Extracted records:
..............................

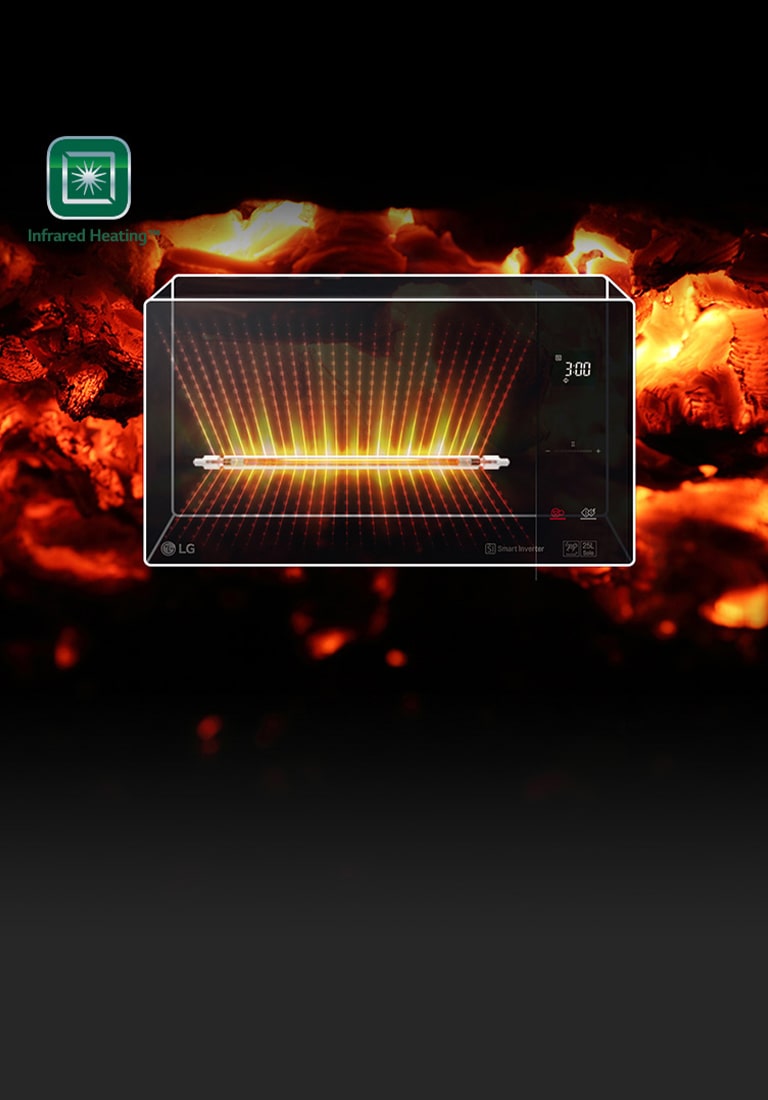 Feature card van 39 L Magnetron ZwartSmart Inverter Infrared Heating™ EasyClean™ MJ3965BIB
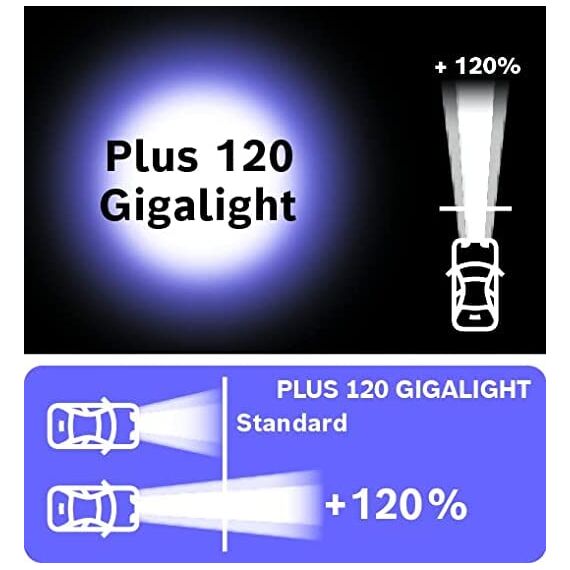 Bosch H7 Plus 120 Gigalight Halogen-Glühlampe für Auto-Scheinwerfer, 12 V 55 W, 120 % mehr Licht - Lampensockel Typ PX26d - 1 Ersatz-Scheinwerferlampe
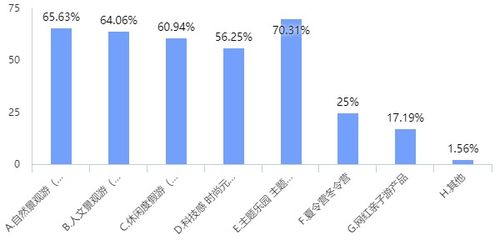 旅游行业会不会是2020年最难做的行业你怎么看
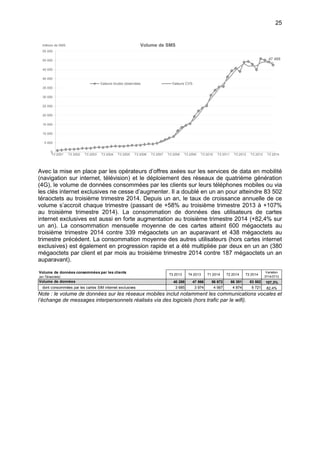 25
Avec la mise en place par les opérateurs d’offres axées sur les services de data en mobilité
(navigation sur internet, télévision) et le déploiement des réseaux de quatrième génération
(4G), le volume de données consommées par les clients sur leurs téléphones mobiles ou via
les clés internet exclusives ne cesse d’augmenter. Il a doublé en un an pour atteindre 83 502
téraoctets au troisième trimestre 2014. Depuis un an, le taux de croissance annuelle de ce
volume s’accroit chaque trimestre (passant de +58% au troisième trimestre 2013 à +107%
au troisième trimestre 2014). La consommation de données des utilisateurs de cartes
internet exclusives est aussi en forte augmentation au troisième trimestre 2014 (+82,4% sur
un an). La consommation mensuelle moyenne de ces cartes atteint 600 mégaoctets au
troisième trimestre 2014 contre 339 mégaoctets un an auparavant et 438 mégaoctets au
trimestre précédent. La consommation moyenne des autres utilisateurs (hors cartes internet
exclusives) est également en progression rapide et a été multipliée par deux en un an (380
mégaoctets par client et par mois au troisième trimestre 2014 contre 187 mégaoctets un an
auparavant).
Note : le volume de données sur les réseaux mobiles inclut notamment les communications vocales et
l’échange de messages interpersonnels réalisés via des logiciels (hors trafic par le wifi).
47 488
0
5 000
10 000
15 000
20 000
25 000
30 000
35 000
40 000
45 000
50 000
55 000
T3 2001 T3 2002 T3 2003 T3 2004 T3 2005 T3 2006 T3 2007 T3 2008 T3 2009 T3 2010 T3 2011 T3 2012 T3 2013 T3 2014
millions de SMS Volume de SMS
Valeurs brutes observées Valeurs CVS
Volume de données consommées par les clients
(en Téraoctets)
T3 2013 T4 2013 T1 2014 T2 2014 T3 2014
Variation
3T14/3T13
Volume de données 40 288 47 566 56 672 66 351 83 502 107,3%
dont consommées par les cartes SIM internet exclusives 3 685 3 974 4 567 4 874 6 721 82,4%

..............................

§ **Problem to work on**
Where a picture appears, skip it and copy the rest of the data word for word.

§ **Response for this exercise**
 Feature card van 39 L Magnetron ZwartSmart Inverter Infrared Heating™ EasyClean™ MJ3965BIB
 Bosch H7 Plus 120 Gigalight Halogen-Glühlampe für Auto-Scheinwerfer, 12 V 55 W, 120 % mehr Licht - Lampensockel Typ PX26d - 1 Ersatz-Scheinwerferlampe
 旅游行业会不会是2020年最难做的行业你怎么看
 25
Avec la mise en place par les opérateurs d’offres axées sur les services de data en mobilité
(navigation sur internet, télévision) et le déploiement des réseaux de quatrième génération
(4G), le volume de données consommées par les clients sur leurs téléphones mobiles ou via
les clés internet exclusives ne cesse d’augmenter. Il a doublé en un an pour atteindre 83 502
téraoctets au troisième trimestre 2014. Depuis un an, le taux de croissance annuelle de ce
volume s’accroit chaque trimestre (passant de +58% au troisième trimestre 2013 à +107%
au troisième trimestre 2014). La consommation de données des utilisateurs de cartes
internet exclusives est aussi en forte augmentation au troisième trimestre 2014 (+82,4% sur
un an). La consommation mensuelle moyenne de ces cartes atteint 600 mégaoctets au
troisième trimestre 2014 contre 339 mégaoctets un an auparavant et 438 mégaoctets au
trimestre précédent. La consommation moyenne des autres utilisateurs (hors cartes internet
exclusives) est également en progression rapide et a été multipliée par deux en un an (380
mégaoctets par client et par mois au troisième trimestre 2014 contre 187 mégaoctets un an
auparavant).
Note : le volume de données sur les réseaux mobiles inclut notamment les communications vocales et
l’échange de messages interpersonnels réalisés via des logiciels (hors trafic par le wifi).
47 488
0
5 000
10 000
15 000
20 000
25 000
30 000
35 000
40 000
45 000
50 000
55 000
T3 2001 T3 2002 T3 2003 T3 2004 T3 2005 T3 2006 T3 2007 T3 2008 T3 2009 T3 2010 T3 2011 T3 2012 T3 2013 T3 2014
millions de SMS Volume de SMS
Valeurs brutes observées Valeurs CVS
Volume de données consommées par les clients
(en Téraoctets)
T3 2013 T4 2013 T1 2014 T2 2014 T3 2014
Variation
3T14/3T13
Volume de données 40 288 47 566 56 672 66 351 83 502 107,3%
dont consommées par les cartes SIM internet exclusives 3 685 3 974 4 567 4 874 6 721 82,4%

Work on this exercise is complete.